Baker and Crocker are among a small but vocal contingent of nongovernment economists and foreign policy analysts who say it is time for the United States to stop pretending that life in Iraq after the war will resemble something out of "The Beverly Hillbillies."
The reality, they say, will look more like Chapter 11. In their view, the only satisfactory solution is an international aid and debt relief program as ambitious as the Marshall Plan that helped Europe recover from the ravages of World War II.
"Unless debt and reparations are dealt with properly, Iraq is basically bankrupt," said Rubar Sandi, an Iraqi American investment banker who is pressing administration officials to embrace a major debt relief initiative.
"I know they might not like what I'm saying," said Sandi, whose Washington-based Corporate Bank Business Group has investments in several developing countries. "But I am a businessman, and it's simple mathematics."
Although the debt write-offs would be spread far and wide, some of the biggest hits would be taken by countries such as Russia and France, which supplied Saddam Hussein with military gear and other goods before the 1991 Persian Gulf War and have been staunch opponents of the current conflict.
Even then, experts say, Iraq's oil revenue probably would fall short of what is needed to pay for postwar reconstruction, and much of the immediate shortfall would wind up being financed by U.S. Treasury bonds.
So far, the administration seems not to have noticed.

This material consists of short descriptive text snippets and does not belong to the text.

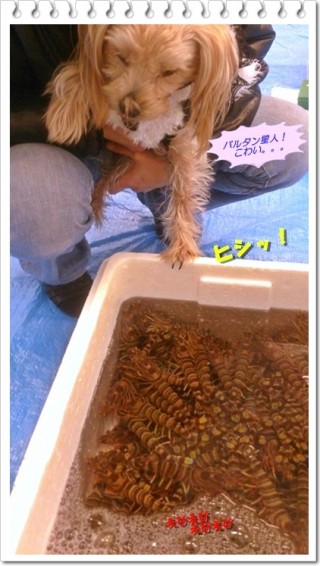 襲われるワン 襲われるワン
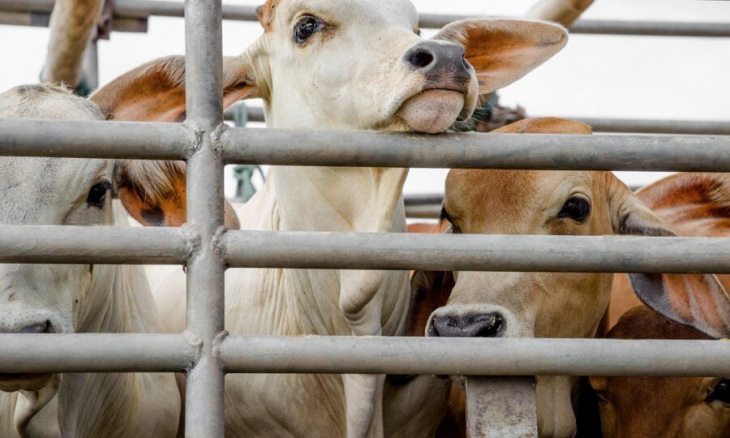 Traslado de animales en condiciones deplorables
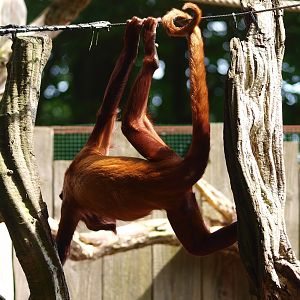 Venezuelan red howler (Alouatta seniculus seniculus), 2015-08-01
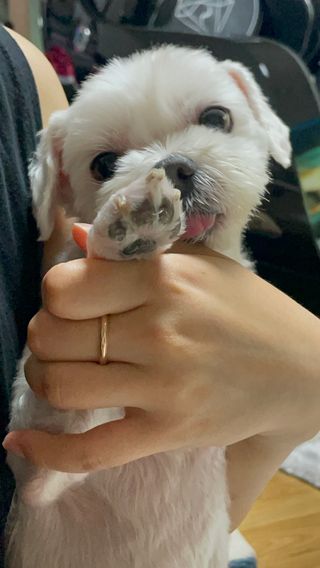Mini님이 올린 리뷰 사진 1
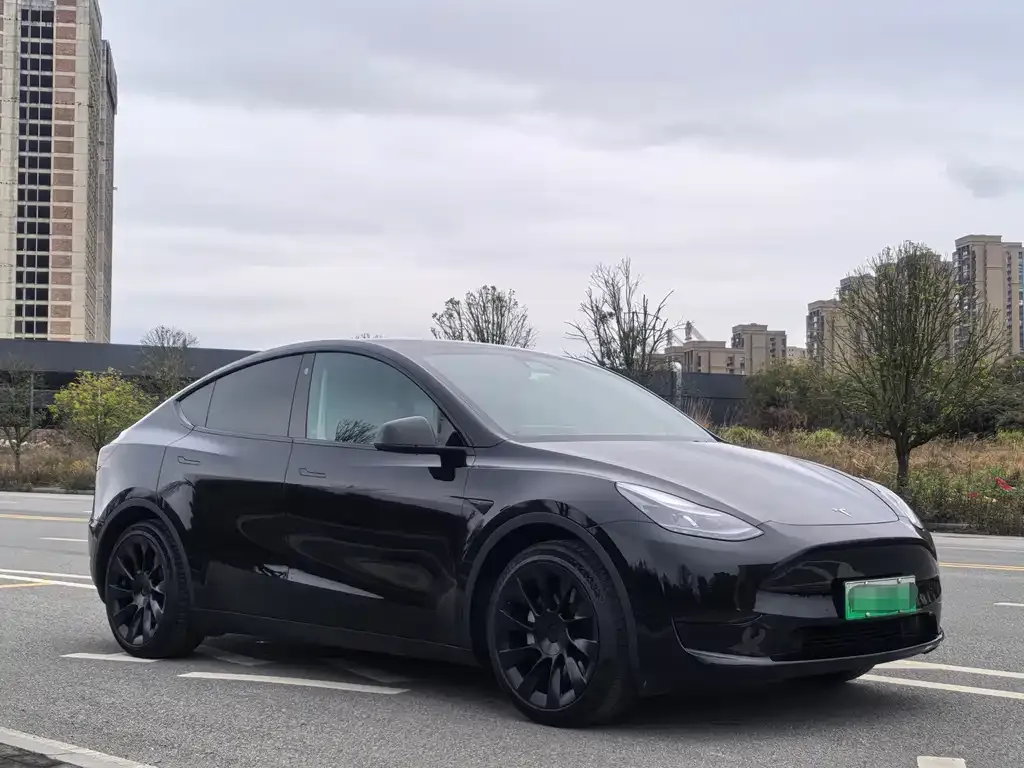 Tesla Model Y — фото 6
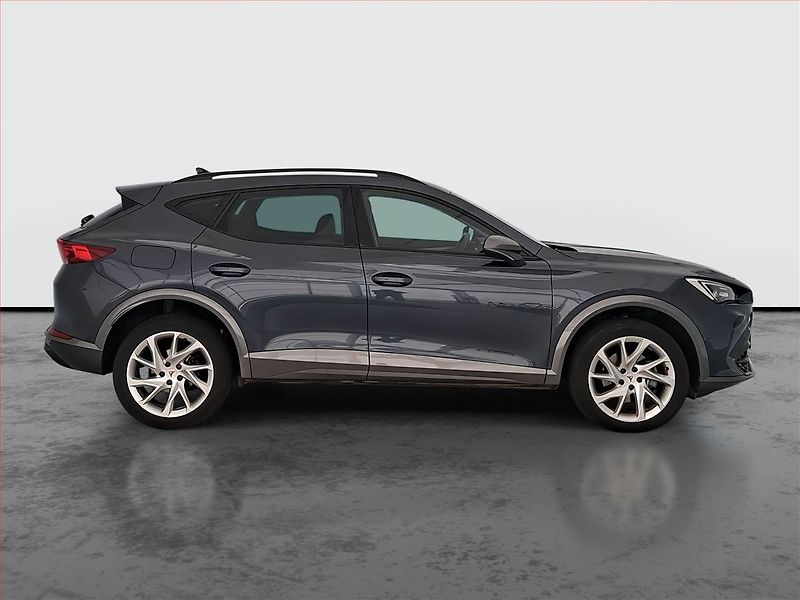 Cupra Formentor (2024) 2.0 TSI 4Drive - fotka 6 z 21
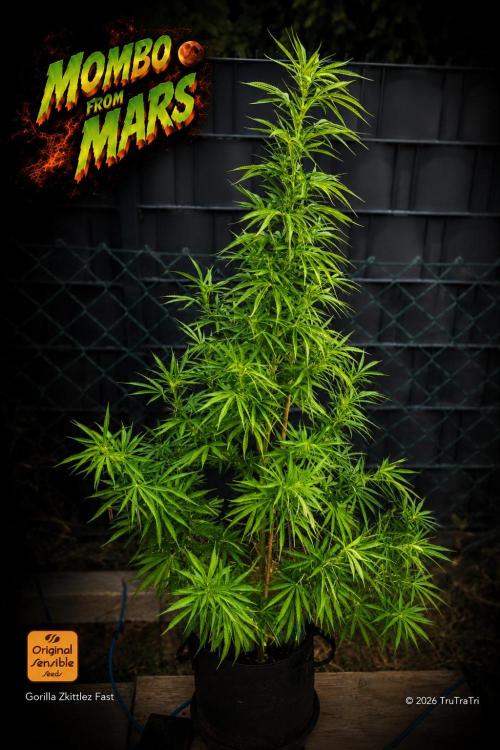 Lobster Man II: Mombo from Mars. Week 15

Deputy Defense Secretary Paul Wolfowitz told Congress last week that Iraq would be able to pick up much of the tab for postwar rebuilding.

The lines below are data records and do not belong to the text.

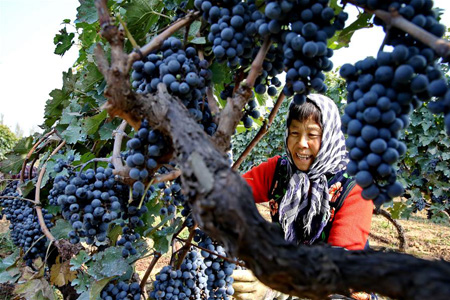Chine : récolte du raisin de la vigne dans le Hebei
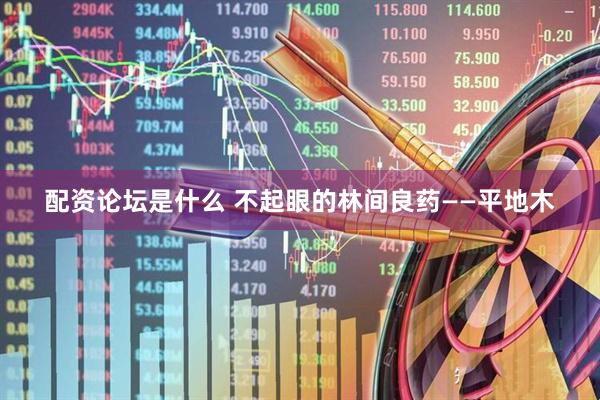 配资论坛是什么 不起眼的林间良药——平地木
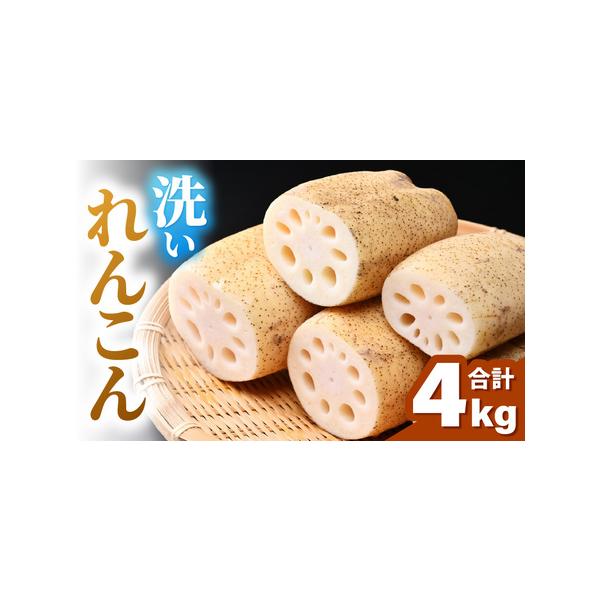 ■ 容量　■内容　約4kg　（16〜24節入り）　　※鮮度を保つため、れんこんは芽・根付きの状態でお送りいたします。　新鮮なれんこんをお楽しみください。　※おおよその目安として、1節で1品の料理がお楽しみいただけます。　　■賞味期限　冷蔵で...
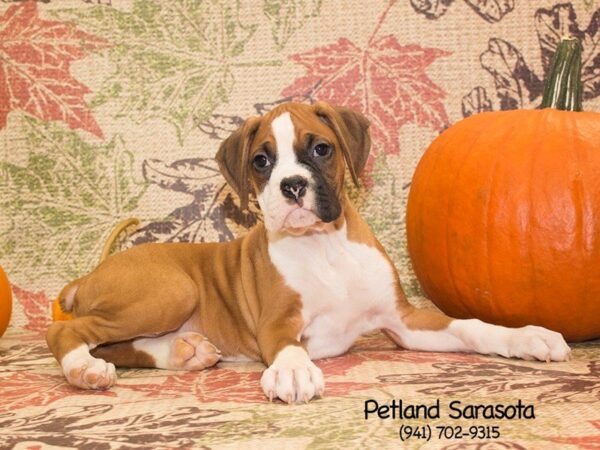 Boxer — adopted from Dreamtails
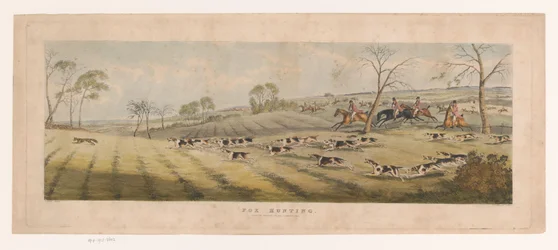 Pack of Foxhounds Hunting a Fox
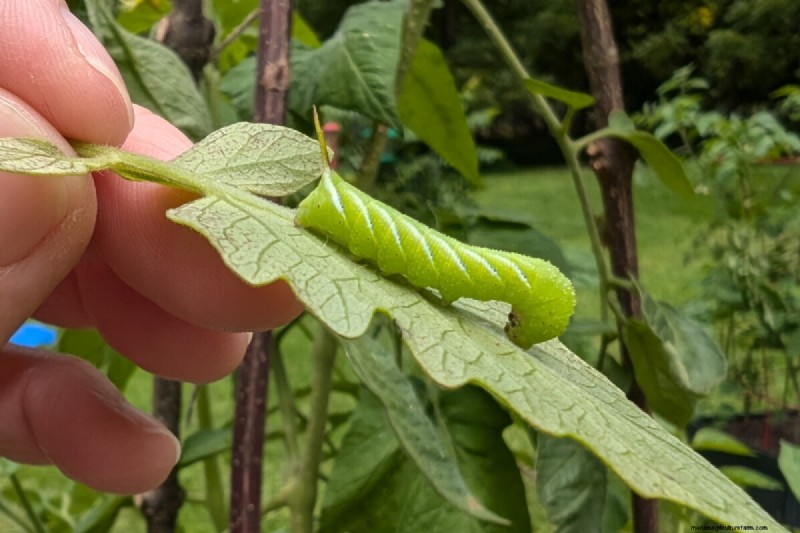 Bessere Tomaten anbauen:7 wesentliche Werkzeuge und Techniken 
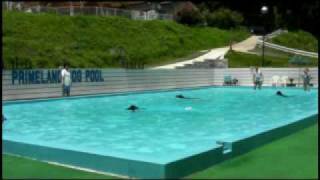 20100708@Hinuma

"We're dealing with a country that can really finance its own reconstruction relatively soon," he said.
Office of Management and Budget Director Mitchell Daniels Jr. asserted that oil and gas revenue and confiscated Iraqi assets would provide abundant resources for reconstruction.
Some members of Congress agree. "I don't think it makes sense to ask U.S. taxpayers to pay the full cost of rebuilding Iraq when the Iraqi state has plenty of resources to do so itself," said Sen. Byron L. Dorgan (D-N.D.), who introduced a resolution Thursday calling for the use of oil proceeds to finance the rebuilding effort.

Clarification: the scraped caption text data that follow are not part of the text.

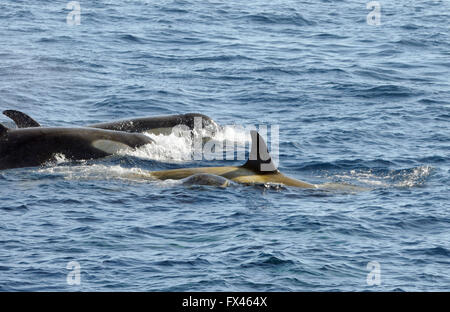 Schwertwale oder Orcas (Orcinus Orca). Typ B Orcas sind. Hoffe Trinity Halbinsel, antarktische Halbinsel, Bay, Antarktis. Stockfoto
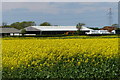 Oil seed rape crop at Wolds Farm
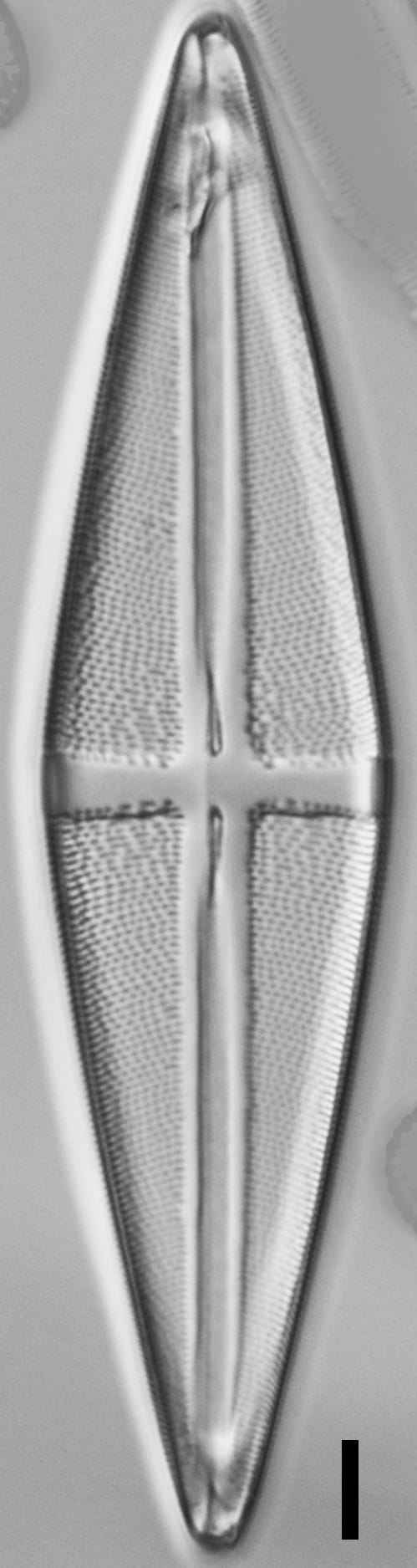 Stauroneis terryi LM3
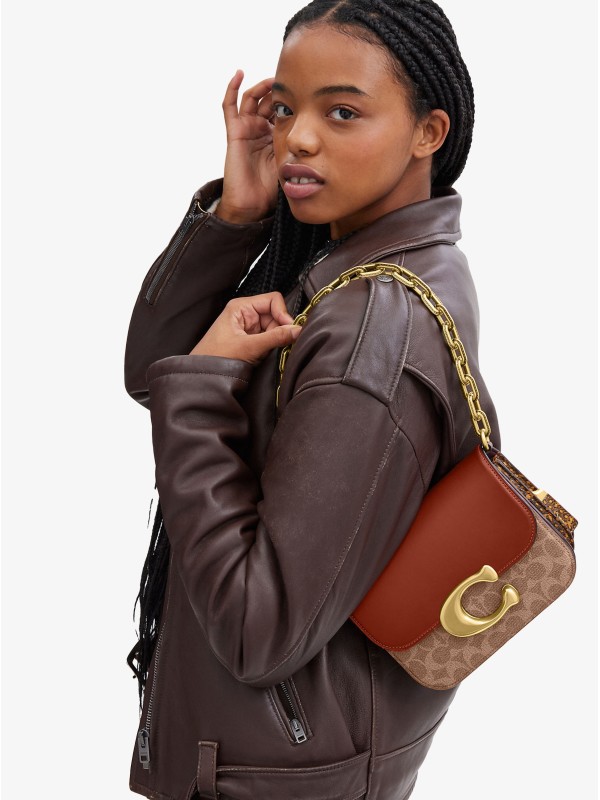 Сумка COACH Idol Crossbody Bag Сумка COACH Idol Crossbody Bag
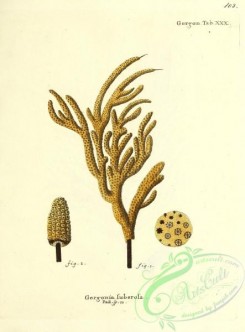 corals-00102 - 102-gorgonia tuberosa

However, Bush administration officials have declined to make specific estimates of the long-term costs of rebuilding Iraq.
Without question, Iraq possesses assets any country would covet.
It sits atop the world's second-biggest pool of proven oil reserves, some 112 billion barrels, as well as huge deposits of natural gas and petroleum yet to be discovered.
But wealth in the ground does not necessarily translate into money in the bank, at least not immediately. Iraq's oil infrastructure has deteriorated badly during Hussein's reign, and most experts say it would take up to two years and $5 billion to restore production to its pre-Gulf War level.
Estimates of Iraq's potential oil earnings during the first year or two after the war range from about $15 billion to $20 billion, depending on price and production assumptions.
From that income, at least $11 billion would be needed initially for routine government spending on state employees' salaries, public health, safety, education, agriculture and welfare programs, Sandi said.
That would leave $4 billion to $9 billion to finance repairs, infrastructure development, humanitarian assistance, debt payments, claim settlements and war reparations.
And that's where the numbers stop making sense.